An infographic video is much like a french omelette though it appears simple on the outside, has layers of complexity in the inside. For an infographic to make an impact one has to strictly follow a recipe. Any shortcuts, complacency or deviation would leave a chewy mess much like it does for a french omelette.

 

Animation once a medium that was reserved for entertainment is now a medium that is omnipresent in the digital universe. Everywhere you go you see banner ads, animated infographics, GIFs, memes, and even emotional stories are being animated.

 

In a day and age where hundreds of agencies can make amazing characters and stories using animation, how do you actually test if the agency is going to deliver the goods for you.

 

Is there a litmus test for agency’s mettle? Is there an equivalent of a ‘French Omelette’ for Videos? Of course, there is! Before we get to that,

 

Really? A ‘French Omelette’?

If you think it is simple to make a perfect French omelette, and wonder why chefs around the world use this to test newbies, Just read below and you will be surprised the complexity with such abstemious use of ingredients:

 

A good omelette starts off with fresh eggs at the right temperature, if you break when they are too cold or too old, you are going to get a coagulated chewy mess.

 

Then comes in breaking them, breaking the yolk and stirring the mixture. (9 out of 10 people get this one wrong). The resultant mixture should be an emulsion of yolks and white, not too frothy but well aerated. As this happens, the right pan (Carbon steel, nonstick pan) of the correct size is heating on the stove. You gotta feel it and know when it is right, Then comes in the butter, too much butter you will be left with an oily mess, too little you are going to end up with a scrambled mess (Oh this is not scrambled eggs by the way). Once the butter gets to the right color, the eggs are carefully poured in. Phew.. you thought this was over.

 

Now comes the scrambling, a skill of forming small curds with a fork, wooden spoon or chopsticks to a point where they are just set, not too gooey not too solid. You then carefully push this mixture to one end of the pan with a light tap forming a small crust. You then turn around without breaking that crust and then fold it. You tap the other side helping it to curl on the edge of the pan and fold the other side in forming a perfect almond, at this point you can wedge in your fillings if any.

 

Now you expertly turn the omelette in the pan and place the omelette on a warm plate (Cold plate will destroy the whole effort).  A perfect gold color, smooth and with no air pockets on the outside and nice and creamy on the inside.

 

It is an ultimate test of skill, understanding the chemistry of the ingredients in play and its interplay with heat and trusting your senses. A Friend of mine had to break 124 eggs before he got the perfect one. He worked and served at some of the finest kitchens in the world.

 

 

What does this have to do with making an infographic video?  

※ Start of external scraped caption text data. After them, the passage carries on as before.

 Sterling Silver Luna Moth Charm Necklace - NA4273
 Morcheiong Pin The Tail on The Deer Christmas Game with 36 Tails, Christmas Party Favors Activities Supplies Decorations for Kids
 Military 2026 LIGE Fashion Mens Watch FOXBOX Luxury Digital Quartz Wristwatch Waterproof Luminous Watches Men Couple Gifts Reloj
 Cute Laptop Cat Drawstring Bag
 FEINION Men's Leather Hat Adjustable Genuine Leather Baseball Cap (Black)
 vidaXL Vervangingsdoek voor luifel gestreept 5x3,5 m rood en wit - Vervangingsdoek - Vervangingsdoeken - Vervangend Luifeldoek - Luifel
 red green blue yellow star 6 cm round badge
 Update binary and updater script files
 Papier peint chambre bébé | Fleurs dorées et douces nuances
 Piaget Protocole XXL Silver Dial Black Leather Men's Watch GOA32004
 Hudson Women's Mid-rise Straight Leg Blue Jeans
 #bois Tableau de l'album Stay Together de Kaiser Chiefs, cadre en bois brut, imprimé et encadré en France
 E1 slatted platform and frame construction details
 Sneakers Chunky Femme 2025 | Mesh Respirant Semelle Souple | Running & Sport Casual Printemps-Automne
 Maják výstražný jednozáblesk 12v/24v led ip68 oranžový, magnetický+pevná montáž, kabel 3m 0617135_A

As Alberto Cairo (One of the foremost authorities in Infographic Journalism) says: “Infographics are like glasses. If you take the glasses off, everything is blurry and you can’t distinguish what is in front of you. The blurry mess is data. When you put the glasses on, everything makes sense. The glasses are adapted to you and it filters the blurry mess into something you can understand. The glasses are infographics”. Sounds more like the french omelette I described before, something that appears so simple yet so complex with many layers.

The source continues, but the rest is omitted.